When I first moved to San Francisco, I set up residence in an oft-insulted neighborhood known as “The Tenderloin.” You’ve probably heard about it, especially if you like to follow crime blotters, volunteer at soup kitchens, or eat really delicious Thai food. I lived there for nearly 4 years before I moved to Oakland, but I still love it and visit all the time. Every workday, in fact.

My newspaper’s office is in an insistently modern office right across the scruffy street from that delicious meal you’re looking at up there. On our block, my office stands out among the bodegas and stereo pawn shops. An aggressive man sells body oil on the street, Monday through Friday.

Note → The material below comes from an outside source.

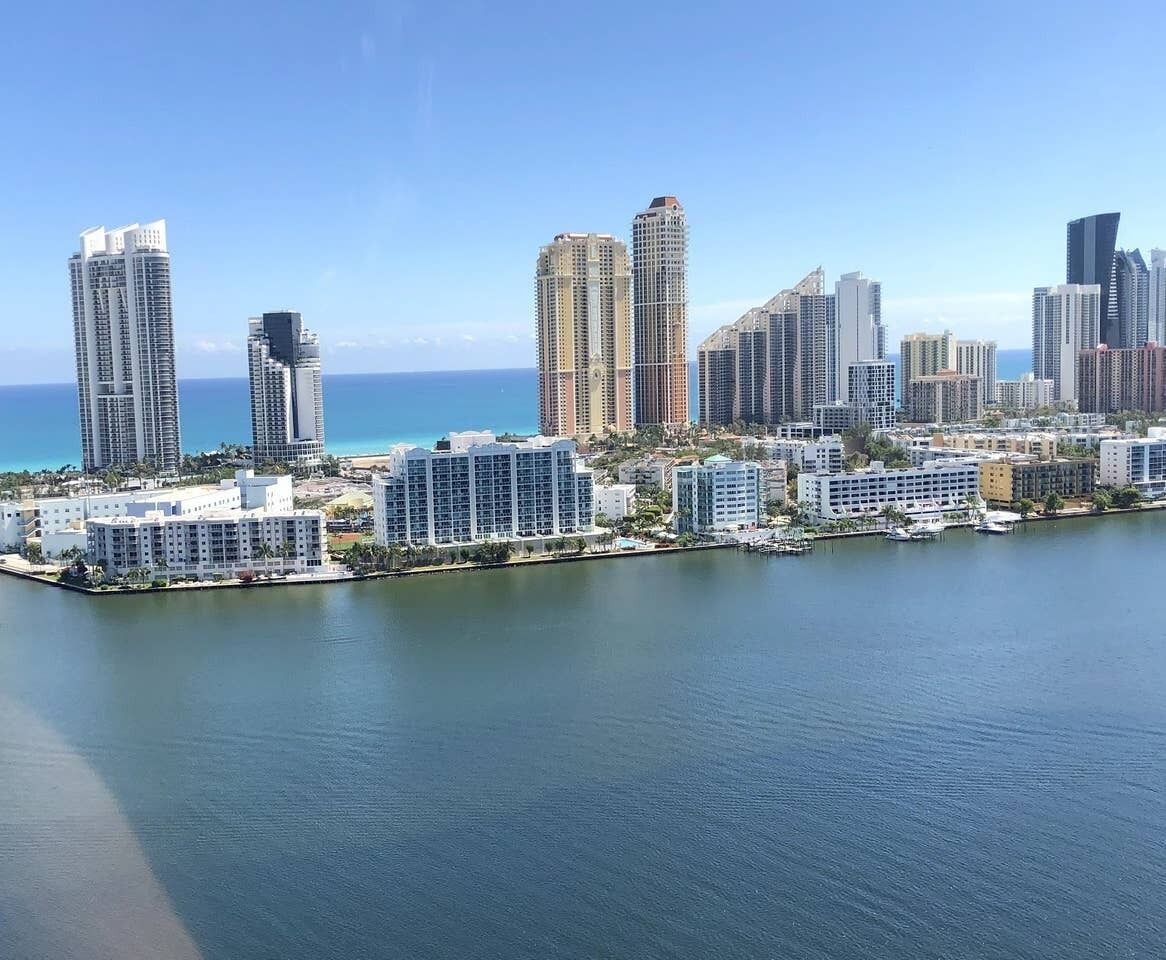 Marina Bay Club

He advertises by yelling “BODY OIL” at passersby. Sixth Street, with all of its sadness and withdrawal, is a stone’s throw away. One might imagine, then, that bourgie comforts like fresh breakfast and lunch would be hard to find. And one would be right. My normal “breakfast out” routine consists of picking up a $1 donut at Donut World. Sometimes I get coffee mixed with a suspicious substance labeled simply “creem.”

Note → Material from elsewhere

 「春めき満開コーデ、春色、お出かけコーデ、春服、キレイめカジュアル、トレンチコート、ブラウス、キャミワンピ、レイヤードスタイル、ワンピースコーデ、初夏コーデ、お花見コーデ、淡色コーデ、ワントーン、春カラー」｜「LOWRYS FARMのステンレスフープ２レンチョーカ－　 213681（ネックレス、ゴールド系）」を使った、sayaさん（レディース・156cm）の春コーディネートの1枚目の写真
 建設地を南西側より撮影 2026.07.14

Amid the bottom shelf offerings is a wonder of a place; Show Dogs cheerfully sells organic and local sausages in a neighborhood without a fine dining economy. I’ve been eating there often, and have delighted in all the delicious meat and onion rings I’ve consumed. Last week, they started selling breakfast. This morning, I walked in to see what the place could do for my down-trodden breakfast routine of donut and mystery coffee.

Oh boy, the things Show Dogs did. I ordered their Croque Madame. Pulled pork on brioche, with an over-easy egg and saucy bechamel all over it. The rib-sticking point, though, was the crispy orange wonder you see on top. You know how when you make a grilled cheese, sometimes a bit drips over and fries in the pan, and you burn your fingertips in your excitement to hurry up and eat it? Well, Show Dogs has embraced that late night ethos and put an entire crispy cheese disc on top of their already luxurious breakfast sandwich. Crispy Cheese Disc, trademark pending! This sandwich was so amazing I had to stop halfway through and plan my own marketing strategy for it. I hope everyone eats this sandwich, so that they keep making it.

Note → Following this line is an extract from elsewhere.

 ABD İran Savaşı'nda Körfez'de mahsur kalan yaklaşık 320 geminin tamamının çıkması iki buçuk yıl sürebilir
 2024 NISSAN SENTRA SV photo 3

Moreover, I hope Show Dogs keeps making all their sandwiches. It’s a friendly place in a neighborhood I wouldn’t call friendly. And despite their neighbors, who seem to scare tourists, Show Dogs saddled up and constructed an outdoor patio, which you can see in the background of my photo there. People really do sit there. Unabashedly putting gentrification out on the street, Show Dogs is a beacon of freshness that locals can point to when someone starts to shit-talk the neighborhood. The owners eat there, and talk to me every time. The people who work in my office building meet there for happy hour. My friends in the neighborhood jump at the chance to join me for a basket of fries and a draft beer on the patio, with all its people-watching wonders. For every person I know who avoids this area, clutching desperately to their purses, another person shows up to delight in it with me. Thanks, Croque Madame with Crispy Cheese Disc, for giving me one more thing to add to my defense of Mid-Market arsenal. You are delicious.